What I'm trying to say is that for me to have been totally impressed with this book, the zombie element would have played a much bigger part in moving the plot along. A little more effort to emulate Austen's style while weaving a thoroughly modern cultural phenomenon into a familiar tale would have tickled my demented funny bone a lot more and would have resulted in a much stronger satirical effort. The way this reads is like it's five pages of unaltered text with the "Time for more zombie hordes now!" tacked on for effect rather than relevancy. One could argue that not really mentioning the unmentionables is a nod to how the book's high society doesn't really acknowledge its brain-eating scourge; I'll argue back that it's simply lazy (re)writing.
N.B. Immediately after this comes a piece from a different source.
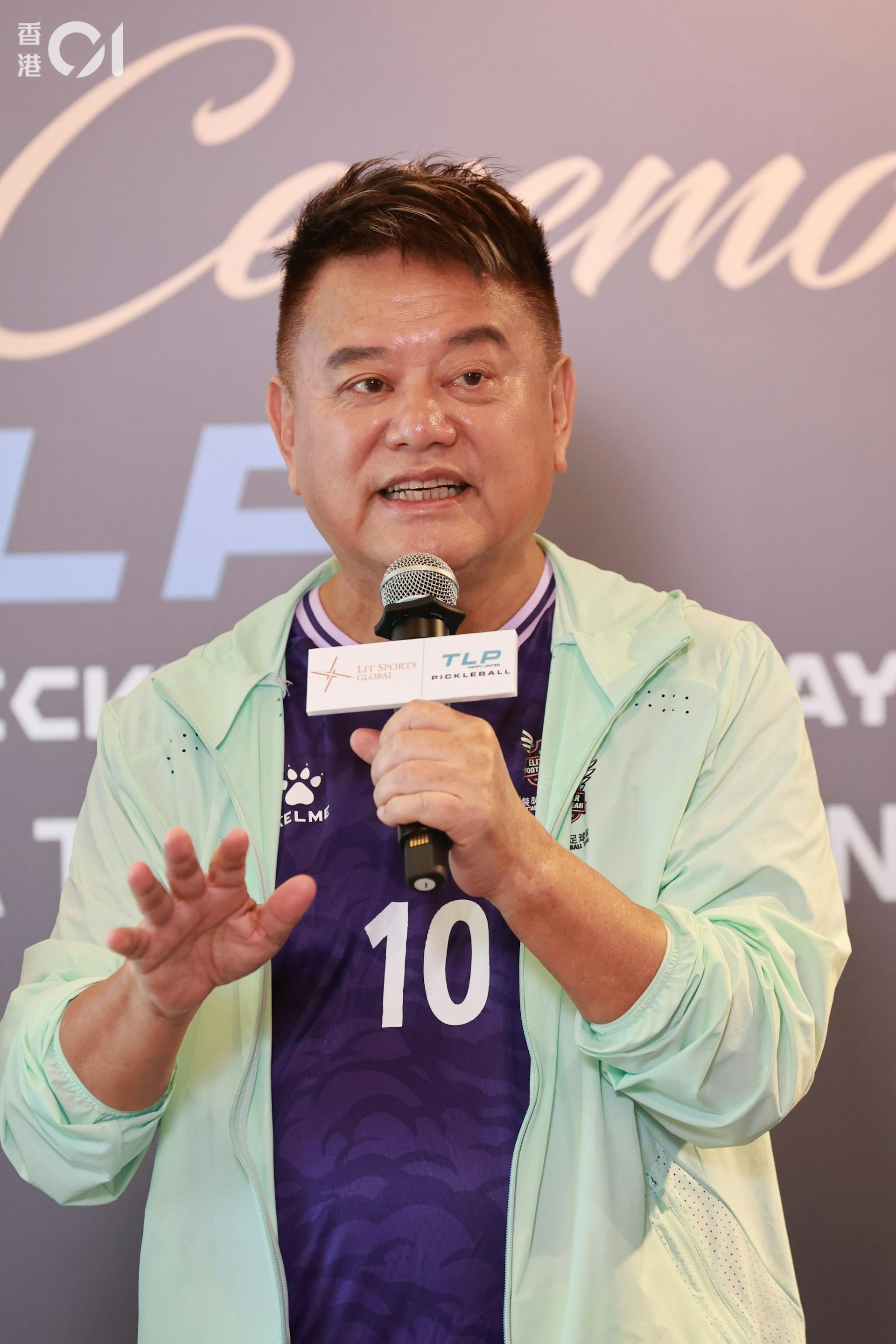 陳百祥指電視已步入黃昏事業。(葉志明攝)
I'm not saying that this book is devoid of any merit, humorous or otherwise. It isn't. At all. It was greatly entertaining and had me snickering quite a bit. Like S&S&SM, the recent addition of supernatural creatures had the fortunate outcome of emphasizing the hypocrisy and damnable delicacy of society that Austen has taken many a jab at. It just seems like this would have been better executed in the hands of someone with equal reverence for and knowledge of Austen's work and zombie lore, and who had the intent of adding a whole new layer to a familiar story instead of inserting the odd bit of undead mayhem here and there. My overall impression of Pride and Prejudice and Zombies is that it's a prime example of a great idea that lost something in its execution.